At conventional egg-laying farms, hens usually are kept in small cages that can give each one less space than a standard sheet of printer paper, Jones says. Cage-free birds, he says, don’t necessarily have a better quality of life either, he says.
Even at some cage-free and organic egg farms, “the birds are often kept in warehouses and get very little access to the outdoors,” Jones said. “Our birds genuinely have a life outside on meaningful green pasture. We like to say that our girls live outdoors with indoor access.”
In Austin, Vital Farms’ 2,000 hens spend most of their time outside, where they receive organic feed and have space to roam and peck for bugs. The pasture method requires workers to relocate the pens every few weeks to provide fresh foraging. Each bird gets 108 square feet of outdoor space and access to a mobile hen house, where they stay at night or when they are laying eggs. Vital Farms uses no chemicals in the chickens’ food or on their pasture.
Thomas Reeh, executive chef at Snack Bar on South Congress Avenue, said the organic process makes a difference. The restaurant began using Vital Farm eggs a year ago.
“The yolk itself is a very bright beautiful color, while factory farm eggs are a really pale yellow, and there’s a richer flavor,” he said. “People actually ask if our eggs are organic and where they’re coming from. We can tell them now that we’re getting the best we can.”
Vital Farms was initially self-funded by O’Hayer, who founded Barter Exchange, an Austin-based bartering business that was acquired by ITEX of Bellevue, Wa., in 1995.
O’Hayer, who is CEO of Vital Farms, said his interest in egg farming goes back to the late 1960s, when as an teenager he sold them door-to-door on the Brown University campus in Rhode Island.
“Since then I’ve always stopped at roadside stands and tried the eggs,” he said. “Some are great, and some aren’t, and I realized that it really matters how you treat the hens. There’s a humane way to do it, which is the reason we started Vital Farms.”

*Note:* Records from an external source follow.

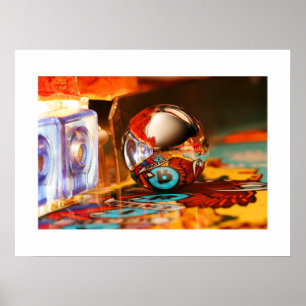 Póster Abajo del poster del pinball del agua blanca del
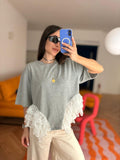 T-SHIRT CON DETTAGLIO PIZZO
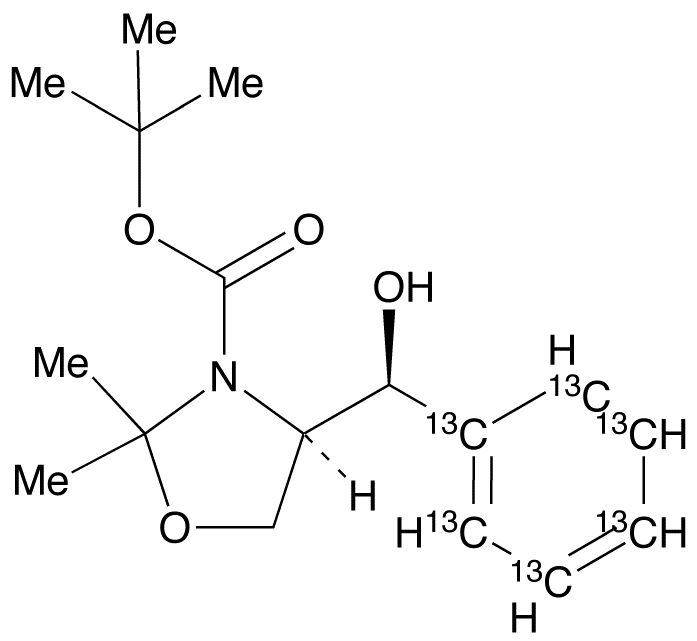 (4R)-4-[(S)-Hydroxyphenylmethyl]-2,2-dimethyl-3-oxazolidinecarboxylic-13C6 Acid tert-Butyl Ester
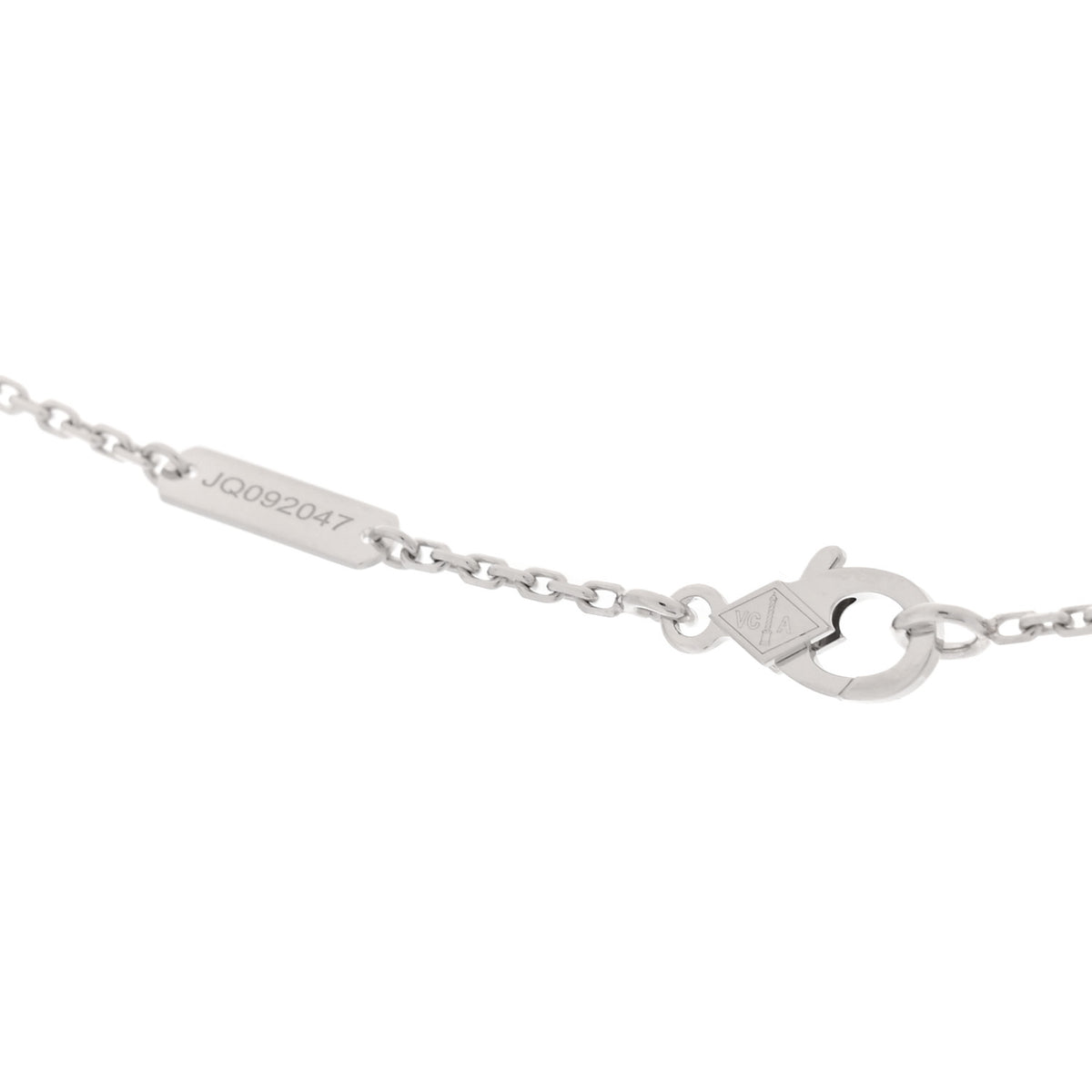 Van Cleef & Arpels 18K White Gold Mother Of Pearl Vintage Alhambra Pendant Necklace 4 of 6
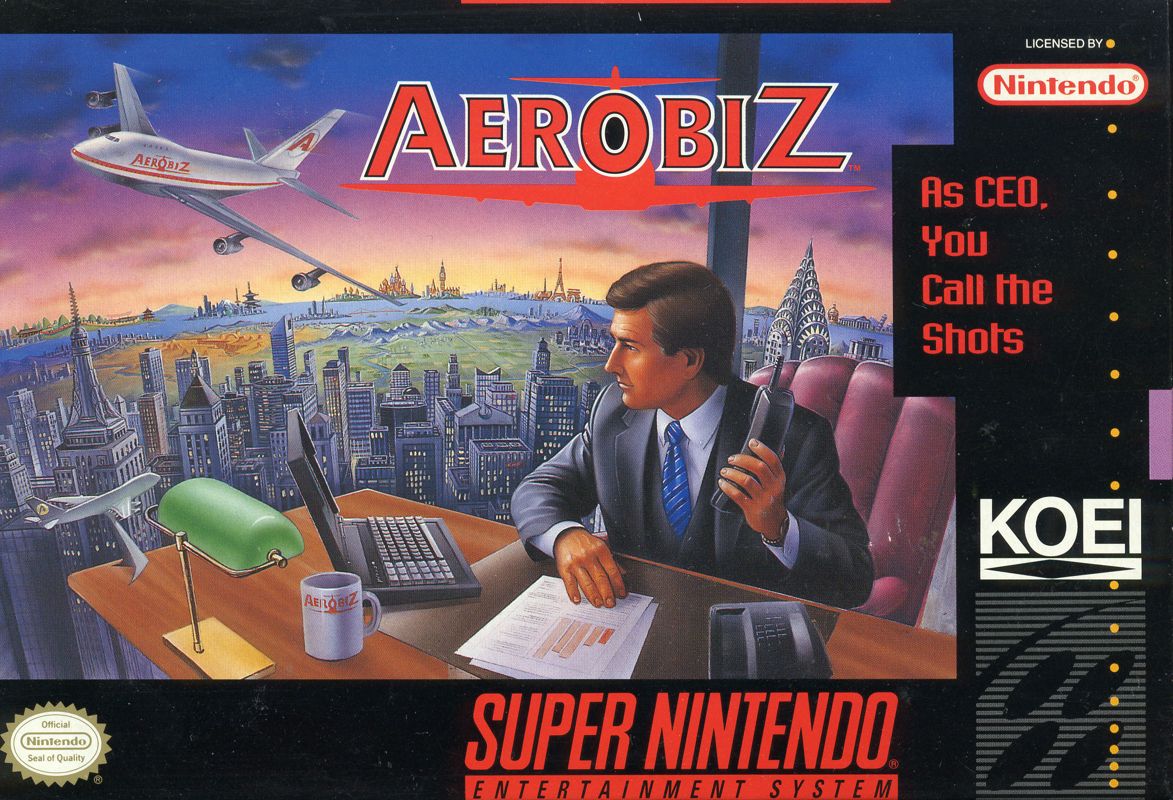 Aerobiz box art for Super Nintendo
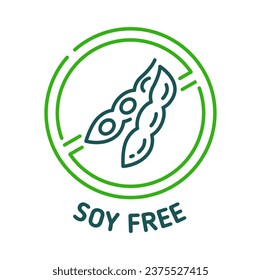 Soy free icon and sign, isolated vector symbol of crossed-out soybean promoting soy-free diets or allergy-friendly products does not contain soy, for individuals who are allergic or intolerant to soy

The 25-person company started out by selling at farmers markets and restaurants, and became a supplier to Whole Foods in 2009. It began expanding by partnering with family-based farms, and today has suppliers in Texas, Arkansas, Oklahoma and Georgia.
Vital Farms doesn’t have ownership in the farms, but they are required to operate under specific guidelines and use similar methods as the flagship Austin site.
Last year its farms in Arkansas and Oklahoma began raising pasture-raised broiler chickens, which the company sells to Whole Foods and local restaurants. It also sells eggs under brand names Pasture Verde and Alfresco Farms at Central Market and H-E-B stores, as well as Natural Grocers and other natural food chains and co-ops across the country.
Now Vital Farms wants to add more farms to its network, but transforming a conventional operation to an organic farm can be cost-prohibitive, Jones said. In addition to significantly higher labor costs, startup expenses include mobile fencing, upgrading housing and new water and feed structures. That puts the cost of converting a family farm at about $25 a hen.
To help with the expense, Vital Farms recently began a crowdfunding effort on the site When You Wish. It hopes to raise $80,000 to put toward the costs of shifting a farm to pasture-raised chickens.
“A lot of small farmers are realizing that organic is where the industry is heading, and we want to help them make the shift,” O’Hayer said.